The proposed exemption was not adopted by the WTO.”

Big fish
Agence France-Presse reports that the former head of French oil giant Elf has been extradited to Togo to face a charge of “accessory to fraud”:

“The former Elf CEO was questioned by a Togolese judge for about three hours Monday, following his lightning-fast extradition from Ivory Coast over the weekend.
His legal team had condemned the international transfer, which came the day after his arrest in Ivory Coast’s economic capital Abidjan on Friday as he tried to board an Air France flight to Paris.

[Loik] Le Floch-Prigent, currently an oil industry consultant, has already served jail terms in France for corruption which dated from his time as head of Elf from 1989 to 1993.”

High-frequency trading
The Bureau of Investigative Journalism reports that the UK is “trying to water down” efforts by European politicians to rein in a form of trading widely blamed for increasing volatility:

“Several influential MEPs are determined to clamp down on the use of sophisticated computer algorithms and fast connections to generate profits through huge numbers of high-speed trades, after seeing its role in the notorious 2010 US Flash Crash and the collapse of Knight Capital last month.

Fuelled by fears over potential market shocks and unease that markets appear dominated by speculators, the European parliament is cracking down on the industry through the revised Markets in Financial Instruments Directive (Mifid), which shapes financial markets across the European Union.”

Cookie-cutter justice
Wayne State University’s Peter Henning asks whether deferred and nonprosecution agreements make sense as “the new standard for how the [US] Justice Department deals with criminal conduct by corporations”:

“It seems as if we are coming perilously close to cookie-cutter justice in corporate criminal investigations.
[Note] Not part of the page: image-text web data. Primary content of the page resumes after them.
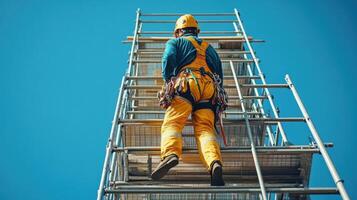 Worker wearing safety gear climbs metal scaffolding against blue sky. Person ascends structure with ropes harness and protective helmet on a sunny day. photo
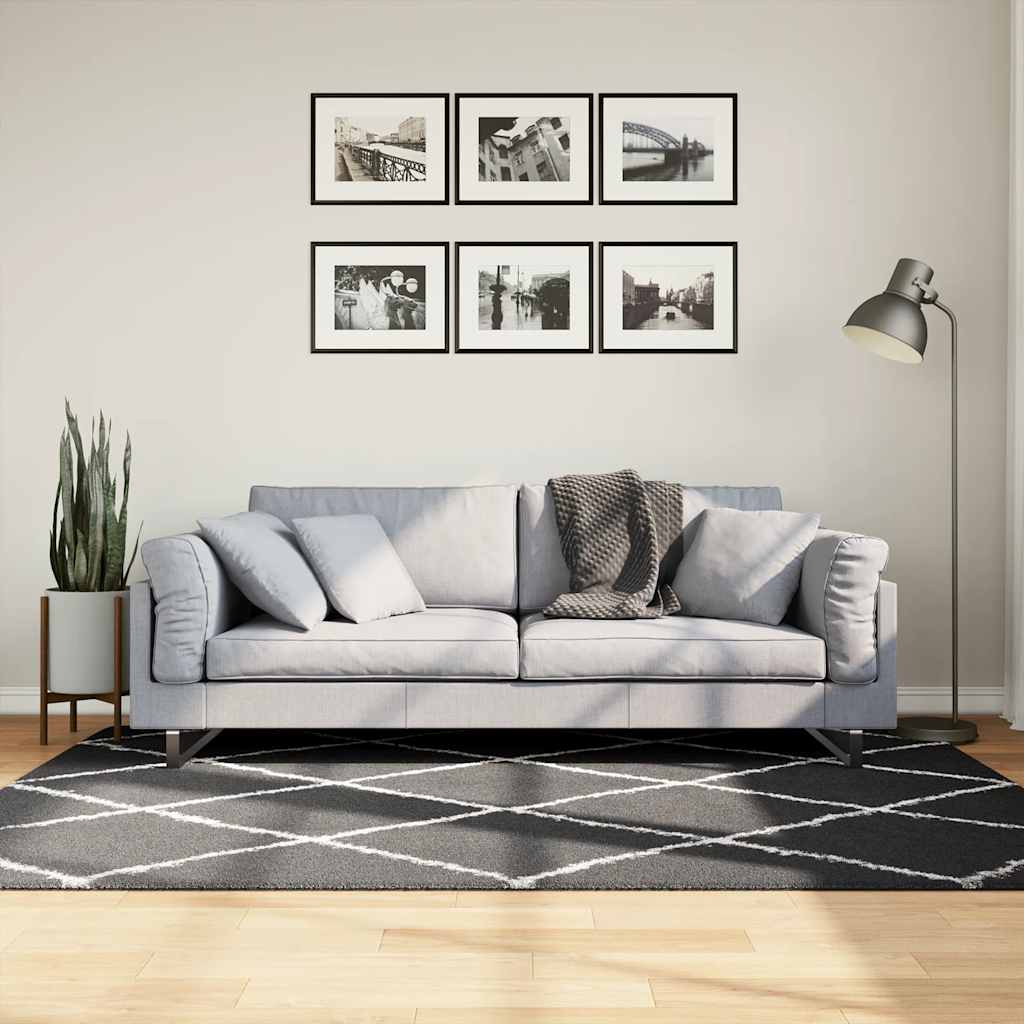 JUNG Vida Shaggy-Teppich PAMPLONA Hochflor Modern Schwarz Creme 140x200cm
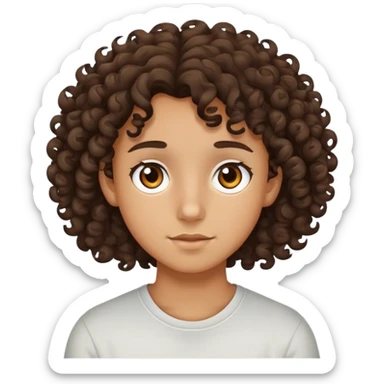 tan teenager with curly dark brown hair sticker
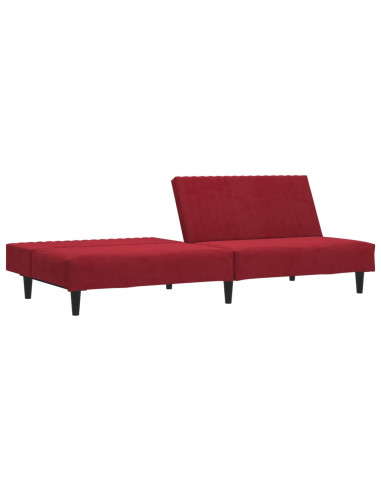 Divano Letto a 2 Posti Rosso Vino in Velluto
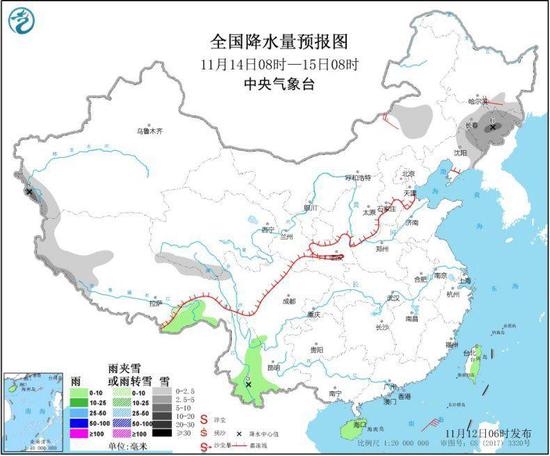 图4 全国降水量预报图（11月14日08时-15日08时）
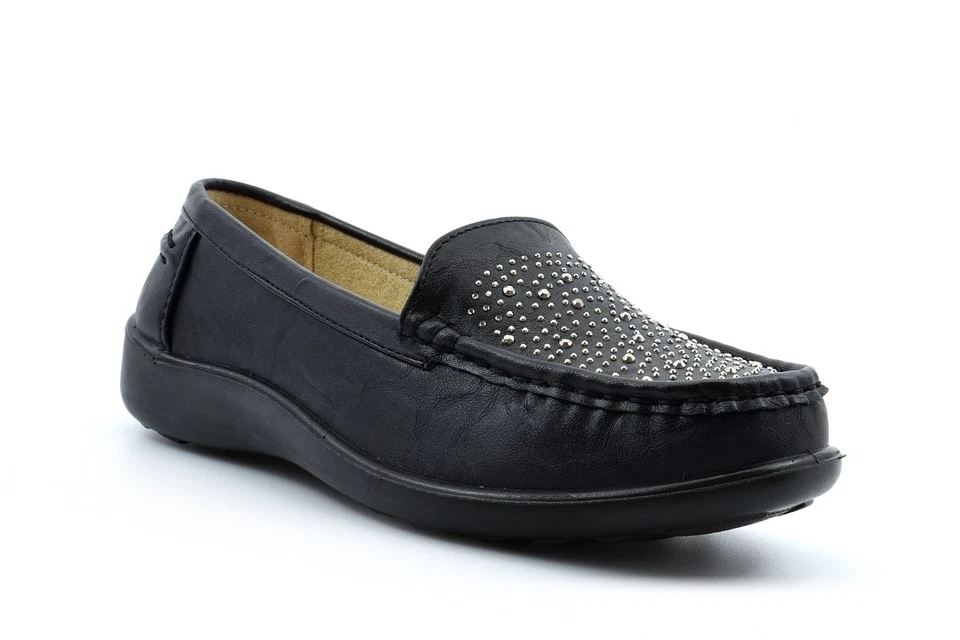 Dr Lightfoot Womens Diamante Slip On Shoes Low Wedge Heel Ladies Loafers Flats - Image 3 of 4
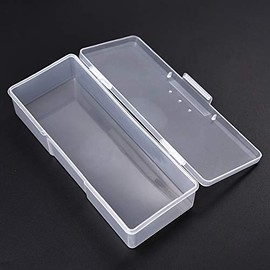KADS Plastic Transparent Empty Nail Storage Box Manicure Equipment Decoration Tools Case (WHITE)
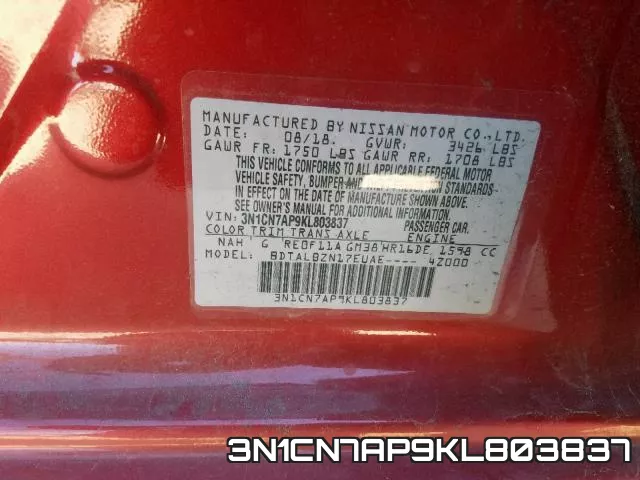 3N1CN7AP9KL803837 фото 2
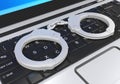 Laptop and Handcuffs Cyber Crime Illustration Royalty Free Stock Photo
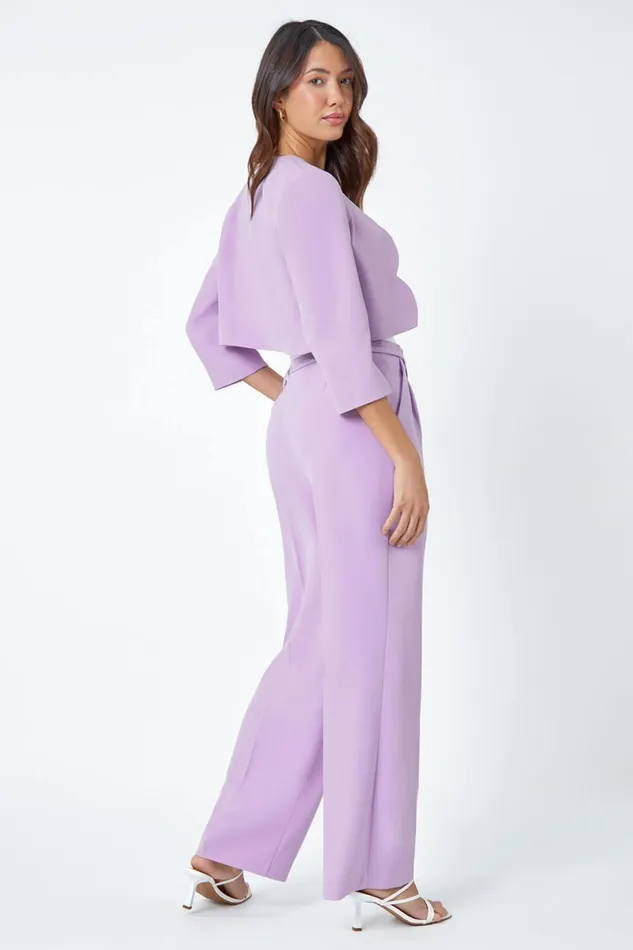 Lilac Cropped Scallop Edge Smart Jacket Women Roman Jackets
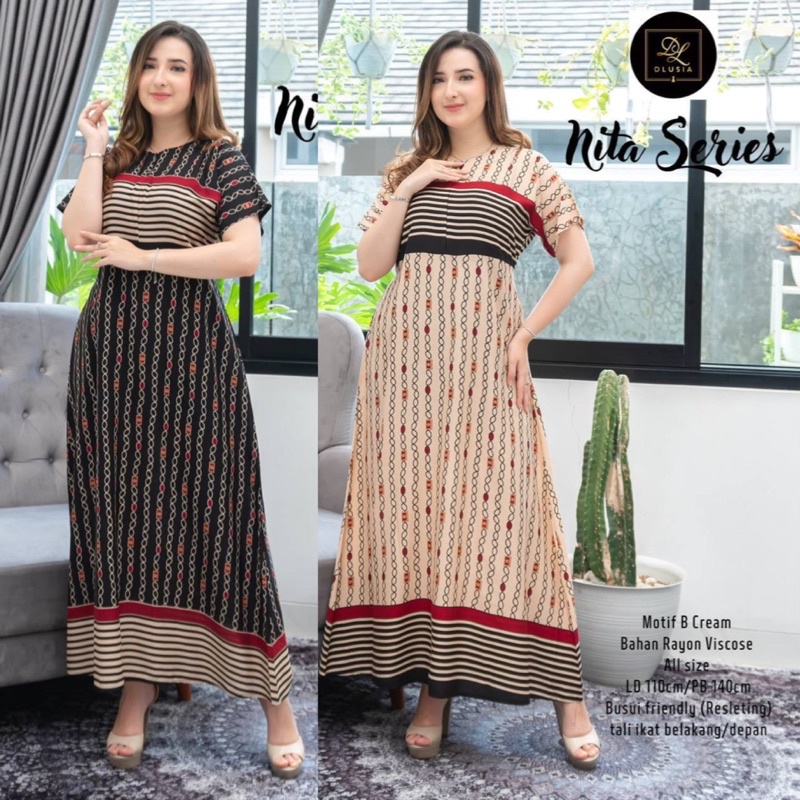 Daster Arab Dlusia NITA SERIES Dress Rayon motif Branded Original By Dlusia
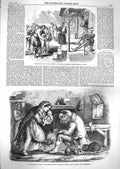 Old Antique Print 1859 New Year'S Day India Irish Peasants Fairy Doctor 19th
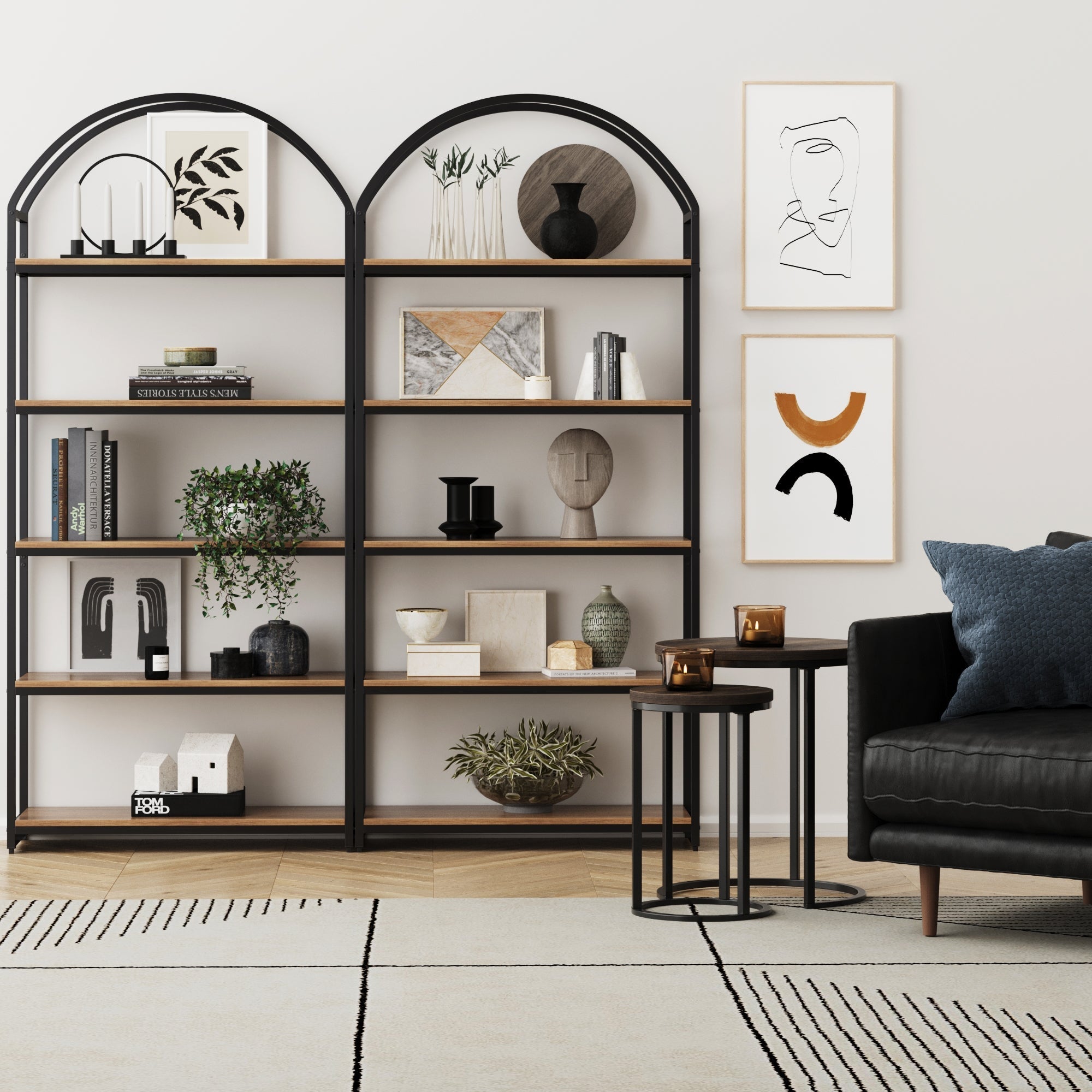 Metal 5-Shelf Arched Bookshelves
Everyone by now knows the drill: turn over the results of an internal investigation, highlight how damaging a conviction would be and then offer to pay the fine and put in place an enhanced compliance program. The press release almost writes itself, but it is the rare case in which senior management pays any price.
Deferred and nonprosecution agreements are here to stay because they give the Justice Department a means to police corporations while mitigating the full impact of the criminal law. They occupy a middle ground between the sledgehammer of criminal charges and giving a company a free pass.”

Asymmetrical delusions
Warwick University’s Robert Skidelsky argues that “current counter-insurgency orthodoxy” has not incorporated the lessons of Algeria and Vietnam:

“Even putting aside moral and legal questions – which one should never do – it is doubtful whether the strategy of torture and assassination can achieve its pacifying purpose. It repeats the mistake made in 1957 by [French General Jacques] Massu, who assumed that he faced a cohesive organization with a single command structure. Relative calm was restored to Algiers for a couple of years after his arrival, but then the insurgency broke out again with redoubled strength, and the French had to leave the country in 1962.
Today, the international community similarly misconceives the nature of the ‘war’ that it is fighting. There is no single worldwide terrorist organization with a single head. Insofar as Al Qaeda still exists at all, it is a Hydra that sprouts new heads as fast as the old ones are cut off. Trying to win ‘hearts and minds’ with Western goods simply corrupts, and thus discredits, the governments established by those intervening. It happened in Vietnam, and it is happening now in Iraq and Afghanistan.”